Sir Roger Douglas branded the current Labour government "growthbusters" at the Act Party's annual conference in Auckland yesterday before revealing plans to run for parliamentthis year.
Douglas would not confirm his chosen electorate but hinted it could be a South Auckland constituency, perhaps Hunua, where he lives.
He refused to comment on whether he would seek a cabinet position if he returned to parliament.
The 70-year-old told about 200 supporters that he was driven to return to politics by the brain drain of 500 Kiwis leaving for Australia every week.
"We are in effect becoming Australia's poor cousins."

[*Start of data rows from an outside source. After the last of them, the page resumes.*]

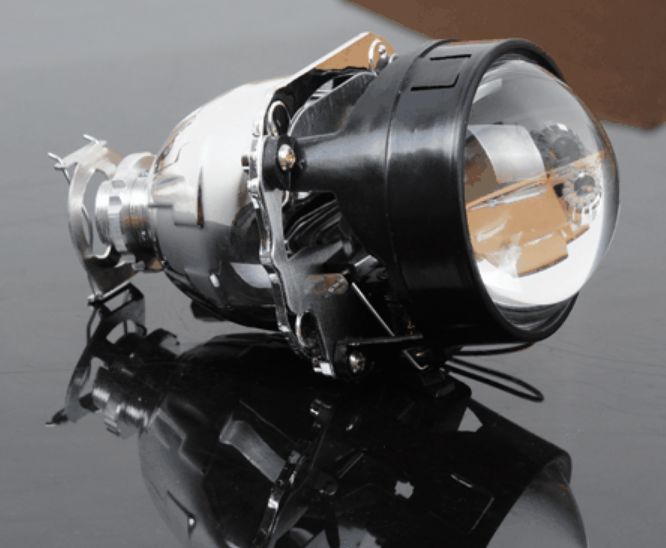 Биксенон лупи за вграждане MORIMOTO ULTIMATE 2.5"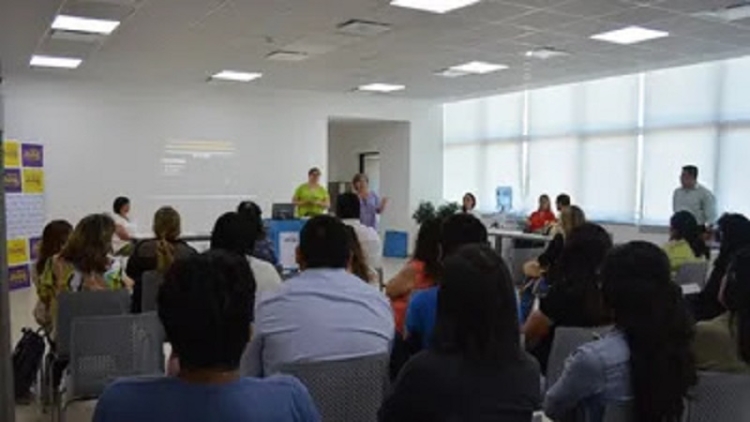 Finalizaron con &eacute;xito los Talleres de Capacitaci&oacute;n en el Uso T&eacute;cnico Pedag&oacute;gico de Aulas Digitales M&oacute;viles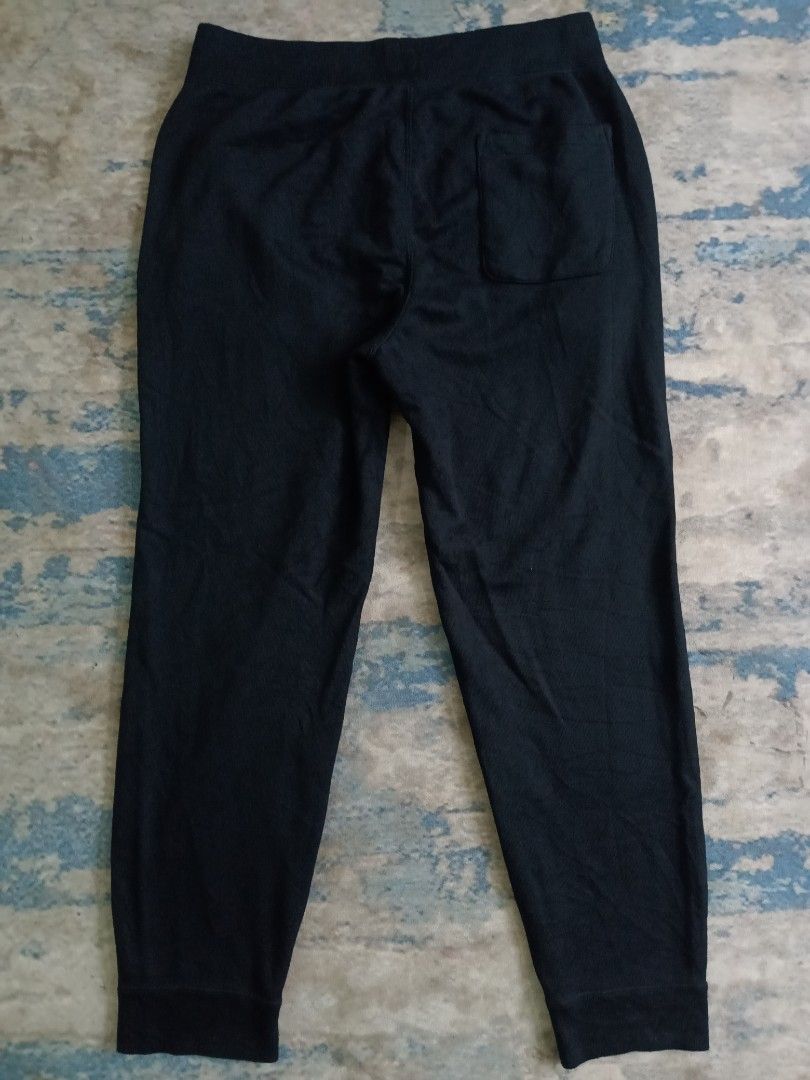 W33 35 UNIQLO JAPAN TRACKPANT TRACKSUIT TRAINING RUNNING FASHION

Douglas said the average weekly wage was $100 lower in New Zealand than Australia.
He set a target of 2020 for the country to catch up with Australia in terms of wages and economic growth, urging
the audience to get behind the party.
"If I can say yes to becoming a constituent candidate then all of you can do your part."
Speaking to reporters outside the conference, Douglas dismissed claims his Rogernomics policies of the 1984 Labour government would turn people off.
He denied turning his back on the party over the past few years and said he had been "helping them from the sidelines".
Epsom MP and party leader Rodney Hide
said the relationship between Douglas and the party had warmed during birthday celebrations for former colleague Richard Prebble last November.
There had been talk of a reconciliation in recent weeks, ending with Hide announcing Sir Roger had "committed his formidable skills and experience to the 2008 ACT campaign".
And Hide said Douglas had remained on his speed dial.
"We got him standing, that's the key thing. I am very very pleased."
Hide would not be drawn on who would be boss if both men won electorate seats this year.